■ **Task item**
Search the records below for "ceiling"; copy each line that has it.

■ **Data records**
━━━━━━━━━━━━━━━━━━━━

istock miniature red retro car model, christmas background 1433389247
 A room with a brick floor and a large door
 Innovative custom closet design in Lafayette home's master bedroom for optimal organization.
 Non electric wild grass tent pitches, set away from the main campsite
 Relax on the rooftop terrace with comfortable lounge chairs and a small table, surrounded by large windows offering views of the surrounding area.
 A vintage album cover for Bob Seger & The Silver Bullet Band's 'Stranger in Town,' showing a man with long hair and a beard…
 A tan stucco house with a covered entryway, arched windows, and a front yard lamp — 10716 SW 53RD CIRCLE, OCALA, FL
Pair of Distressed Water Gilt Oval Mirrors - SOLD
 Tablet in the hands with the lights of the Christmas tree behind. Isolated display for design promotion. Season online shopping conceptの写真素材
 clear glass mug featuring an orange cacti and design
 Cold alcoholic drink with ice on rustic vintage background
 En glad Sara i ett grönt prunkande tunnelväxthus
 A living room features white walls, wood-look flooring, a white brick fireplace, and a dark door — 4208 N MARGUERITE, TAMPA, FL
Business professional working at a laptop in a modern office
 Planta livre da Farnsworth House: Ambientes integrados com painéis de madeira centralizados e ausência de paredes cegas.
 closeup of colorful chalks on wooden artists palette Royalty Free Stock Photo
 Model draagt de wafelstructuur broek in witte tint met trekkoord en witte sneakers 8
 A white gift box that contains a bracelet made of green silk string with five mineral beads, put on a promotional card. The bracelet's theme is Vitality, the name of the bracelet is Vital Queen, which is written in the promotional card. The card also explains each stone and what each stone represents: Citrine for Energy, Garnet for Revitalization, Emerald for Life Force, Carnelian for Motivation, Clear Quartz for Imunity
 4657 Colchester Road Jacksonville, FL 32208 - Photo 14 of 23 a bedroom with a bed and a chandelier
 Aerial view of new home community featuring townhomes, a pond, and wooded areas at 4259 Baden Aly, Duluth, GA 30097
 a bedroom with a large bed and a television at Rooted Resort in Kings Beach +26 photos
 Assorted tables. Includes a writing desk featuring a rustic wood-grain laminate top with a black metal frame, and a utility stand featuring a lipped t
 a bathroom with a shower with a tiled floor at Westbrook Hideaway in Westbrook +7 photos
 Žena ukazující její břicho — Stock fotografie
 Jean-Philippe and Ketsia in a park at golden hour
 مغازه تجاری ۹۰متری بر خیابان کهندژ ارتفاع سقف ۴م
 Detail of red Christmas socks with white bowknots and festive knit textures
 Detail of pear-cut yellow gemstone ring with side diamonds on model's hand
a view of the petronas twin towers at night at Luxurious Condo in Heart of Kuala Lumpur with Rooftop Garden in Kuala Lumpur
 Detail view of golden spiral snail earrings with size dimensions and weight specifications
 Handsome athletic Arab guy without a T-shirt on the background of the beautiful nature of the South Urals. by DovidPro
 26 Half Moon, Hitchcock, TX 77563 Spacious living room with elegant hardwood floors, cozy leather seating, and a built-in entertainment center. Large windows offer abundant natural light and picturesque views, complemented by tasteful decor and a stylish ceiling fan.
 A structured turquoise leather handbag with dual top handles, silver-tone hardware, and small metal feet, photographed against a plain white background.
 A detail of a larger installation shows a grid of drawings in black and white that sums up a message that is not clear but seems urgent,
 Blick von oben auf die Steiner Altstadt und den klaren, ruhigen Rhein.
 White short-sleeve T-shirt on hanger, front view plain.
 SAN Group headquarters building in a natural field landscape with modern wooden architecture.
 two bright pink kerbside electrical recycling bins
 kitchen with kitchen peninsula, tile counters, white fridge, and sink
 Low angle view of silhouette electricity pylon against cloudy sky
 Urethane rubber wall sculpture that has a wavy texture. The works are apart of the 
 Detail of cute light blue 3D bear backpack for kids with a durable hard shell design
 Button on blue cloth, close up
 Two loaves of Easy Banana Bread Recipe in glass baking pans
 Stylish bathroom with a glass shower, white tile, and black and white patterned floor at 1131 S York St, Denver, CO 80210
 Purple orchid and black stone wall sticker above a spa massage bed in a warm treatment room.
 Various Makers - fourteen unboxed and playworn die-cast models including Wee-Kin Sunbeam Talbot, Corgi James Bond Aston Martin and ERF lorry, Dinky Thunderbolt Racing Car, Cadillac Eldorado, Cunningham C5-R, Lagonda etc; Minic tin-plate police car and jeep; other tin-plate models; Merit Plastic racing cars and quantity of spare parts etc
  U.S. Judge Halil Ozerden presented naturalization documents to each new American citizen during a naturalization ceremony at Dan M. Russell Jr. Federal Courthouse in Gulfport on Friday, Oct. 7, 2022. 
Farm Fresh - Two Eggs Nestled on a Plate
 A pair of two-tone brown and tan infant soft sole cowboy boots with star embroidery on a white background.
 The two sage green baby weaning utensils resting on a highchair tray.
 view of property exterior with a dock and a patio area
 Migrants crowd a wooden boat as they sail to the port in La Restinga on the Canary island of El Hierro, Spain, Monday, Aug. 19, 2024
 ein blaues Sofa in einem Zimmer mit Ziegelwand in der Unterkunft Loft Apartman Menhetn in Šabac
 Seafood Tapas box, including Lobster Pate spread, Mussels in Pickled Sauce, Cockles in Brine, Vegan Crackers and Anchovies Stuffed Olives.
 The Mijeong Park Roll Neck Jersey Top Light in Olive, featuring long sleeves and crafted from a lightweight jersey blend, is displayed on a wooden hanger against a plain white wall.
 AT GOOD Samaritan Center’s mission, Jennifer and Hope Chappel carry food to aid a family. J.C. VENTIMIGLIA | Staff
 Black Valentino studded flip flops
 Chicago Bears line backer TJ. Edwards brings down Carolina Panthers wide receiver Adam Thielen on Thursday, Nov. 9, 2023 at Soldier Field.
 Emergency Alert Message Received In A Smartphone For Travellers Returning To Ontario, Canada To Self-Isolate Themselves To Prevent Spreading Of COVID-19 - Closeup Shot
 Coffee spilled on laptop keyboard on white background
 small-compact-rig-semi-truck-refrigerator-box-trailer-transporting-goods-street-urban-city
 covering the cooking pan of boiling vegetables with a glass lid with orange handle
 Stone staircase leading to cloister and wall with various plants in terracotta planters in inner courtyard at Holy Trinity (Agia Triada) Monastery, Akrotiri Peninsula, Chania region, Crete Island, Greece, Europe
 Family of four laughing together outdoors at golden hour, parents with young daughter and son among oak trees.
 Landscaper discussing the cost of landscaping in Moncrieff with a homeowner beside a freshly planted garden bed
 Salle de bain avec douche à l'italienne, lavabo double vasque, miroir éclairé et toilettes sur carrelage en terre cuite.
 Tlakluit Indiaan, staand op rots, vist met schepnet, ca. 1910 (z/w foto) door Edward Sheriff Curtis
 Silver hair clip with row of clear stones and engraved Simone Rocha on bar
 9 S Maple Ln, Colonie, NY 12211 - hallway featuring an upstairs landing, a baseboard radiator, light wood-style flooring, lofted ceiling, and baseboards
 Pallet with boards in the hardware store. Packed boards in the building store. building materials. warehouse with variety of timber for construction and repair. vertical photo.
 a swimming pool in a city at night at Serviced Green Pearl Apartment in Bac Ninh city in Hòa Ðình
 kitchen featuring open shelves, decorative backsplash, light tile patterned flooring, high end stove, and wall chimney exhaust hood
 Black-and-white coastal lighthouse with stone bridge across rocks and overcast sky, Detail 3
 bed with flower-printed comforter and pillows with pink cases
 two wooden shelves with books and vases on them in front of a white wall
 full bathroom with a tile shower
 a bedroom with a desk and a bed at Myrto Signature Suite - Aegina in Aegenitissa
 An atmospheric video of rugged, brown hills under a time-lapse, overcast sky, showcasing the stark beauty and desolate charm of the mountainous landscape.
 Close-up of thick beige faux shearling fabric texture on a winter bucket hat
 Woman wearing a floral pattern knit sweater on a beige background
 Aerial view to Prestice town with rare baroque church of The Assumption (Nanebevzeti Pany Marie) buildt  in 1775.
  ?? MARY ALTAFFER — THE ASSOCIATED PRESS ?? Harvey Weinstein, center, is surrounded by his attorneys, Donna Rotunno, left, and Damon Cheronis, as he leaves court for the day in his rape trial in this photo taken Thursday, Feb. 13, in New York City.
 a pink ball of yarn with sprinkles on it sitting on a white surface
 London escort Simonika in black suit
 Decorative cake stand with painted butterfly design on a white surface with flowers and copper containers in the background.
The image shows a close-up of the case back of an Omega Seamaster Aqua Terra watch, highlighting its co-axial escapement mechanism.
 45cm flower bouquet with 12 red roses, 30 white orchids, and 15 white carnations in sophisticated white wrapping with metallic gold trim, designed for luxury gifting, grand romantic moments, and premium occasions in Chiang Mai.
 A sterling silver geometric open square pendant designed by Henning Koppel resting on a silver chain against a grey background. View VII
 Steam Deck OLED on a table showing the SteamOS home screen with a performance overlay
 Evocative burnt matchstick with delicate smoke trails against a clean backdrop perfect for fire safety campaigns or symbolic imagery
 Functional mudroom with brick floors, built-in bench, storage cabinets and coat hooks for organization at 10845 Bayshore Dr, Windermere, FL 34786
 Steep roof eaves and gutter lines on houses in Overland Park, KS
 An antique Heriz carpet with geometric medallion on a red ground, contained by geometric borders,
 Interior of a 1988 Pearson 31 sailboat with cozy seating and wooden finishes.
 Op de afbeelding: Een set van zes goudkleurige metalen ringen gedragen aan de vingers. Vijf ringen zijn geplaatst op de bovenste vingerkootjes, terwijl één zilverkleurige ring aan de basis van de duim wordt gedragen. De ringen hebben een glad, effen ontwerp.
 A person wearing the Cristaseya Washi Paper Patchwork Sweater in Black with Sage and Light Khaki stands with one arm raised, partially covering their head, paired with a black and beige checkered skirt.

━━━━━━━━━━━━━━━━━━━━

■ **Response for this exercise**
 26 Half Moon, Hitchcock, TX 77563 Spacious living room with elegant hardwood floors, cozy leather seating, and a built-in entertainment center. Large windows offer abundant natural light and picturesque views, complemented by tasteful decor and a stylish ceiling fan.
 9 S Maple Ln, Colonie, NY 12211 - hallway featuring an upstairs landing, a baseboard radiator, light wood-style flooring, lofted ceiling, and baseboards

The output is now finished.